For one, Sen. McCain is expected, as one commentator put it, to behave as a George W. Bush on steroids. Some go as far as depicting him as a candidate who aspires to become President McBush, because so many of his policies would duplicate Bush's policies. For example, Sen. McCain is partisan of the imperial presidency theory, advanced and practiced in recent years by the Bush-Cheney administration. As recently as last May 6, he confirmed that if he were elected President, he would enthusiastically throw out the restraint on power established by the constitutional checks and balances and would embrace the Bush-Cheney's claim of near absolute executive power. McCain is especially worried that the courts could stick to the letter and spirit of the U.S. Constitution and reject attempts by the President to establish a quasi dictatorship while dismissing Congress' prerogatives. In McCain's words, presidential executive power in the U.S. is too constrained by a judiciary that "show little regard for the authority of the president." On this very question, however, Sen. McCain seems to want it both ways. Is this sincere or is it solely a way to create confusion? For instance, on May 15, he tried to distance himself from the Bush-Cheney administration and professed that he now embraces the constitutional concept of checks and balances. Which McCain is the real McCain? Obviously, further clarifications are urgently needed.

Secondly, on foreign policy more than anywhere else, McCain can be expected to be a McBush plus. He can be expected to be a mixture of a simplistic George W. Bush and of a rabidly nationalistic and interventionist Dick Cheney, the last two always ready to immorally bomb people and ask questions later. McCain stands ready to continue the Bush-Cheney's insane foreign policy.
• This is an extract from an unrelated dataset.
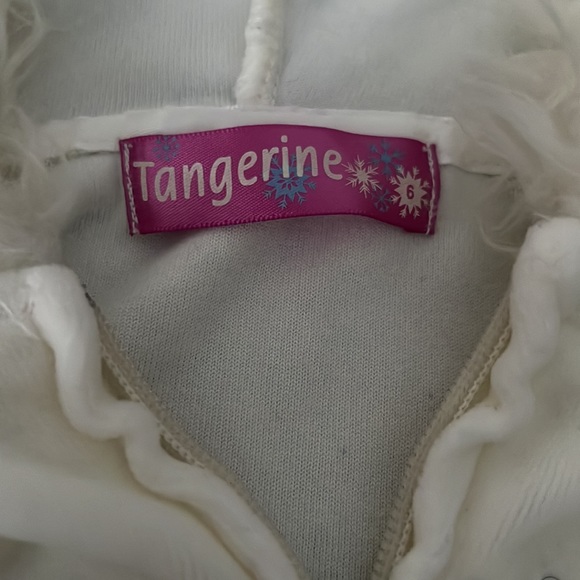 Tangerine girls zip sweater - Picture 2 of 3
Therefore, no one should expect that he would be much different than what this duo has stood for over the last eight years, which is aggressive global interventionism, disastrous unilateralism and excessive militarism. Under McCain, the United States would still be the global bully of the planet. This will lead to more geopolitical instability worldwide, more debt for the United States, and more economic disruptions in trade, especially for oil and commodities. There will be a high economic price to pay with a McCain presidency, make no mistake about it. The current slowdown or recession may be only a harbinger of things to come.

Indeed, listening to him, one has the feeling that Sen. McCain has never met a war he didn't like. For instance, if it were only up to him, American soldiers would still be in Vietnam, where he was a pilot, flying fighter-bombers that dropped bombs over North Vietnam. He has also said that he would like to intervene even more directly in South America. And in the Middle East, he has said that he would not mind having an American military occupation of that region for another one hundred years. In McCain's view, Iraq is an American colony forever, thus making sure there will be permanent war and permanent military occupation in that part of the world. In 1999, McCain even lobbied the Clinton administration to have the U.S. invade Yugoslavia with ground troops. America's Founders would be turning in their graves if they could see their cherished republic becoming a militaristic empire!

Thirdly, Sen. McCain does not seem to know or care about international law. Indeed, not only is Sen. McCain constantly confusing the Sunnis and the Shi'ites in Iraq, after all these years, but he seems to be completely lost as to the true meaning of "preemptive" war versus "preventive" war. A preemptive war or a preemptive strike is a self-defensive measure which is taken against a foreign country that poses an imminent and inevitable threat because it is about to invade, or is threatening to attack shortly. A preventive war is rather a war of choice or a war of aggression that is launched in anticipation of a loss of security or strategic advantage in a more or less far away future, or to gain foreign territories and resources. While a preemptive war is essentially defensive in nature, a preventive war is fundamentally imperialistic. In McCain's vocabulary, the two notions are confused since he says that he would not rule out launching preemptive wars, when in fact he means launching preventive wars of aggression “against future enemies” who pose no immediate threat to the United States.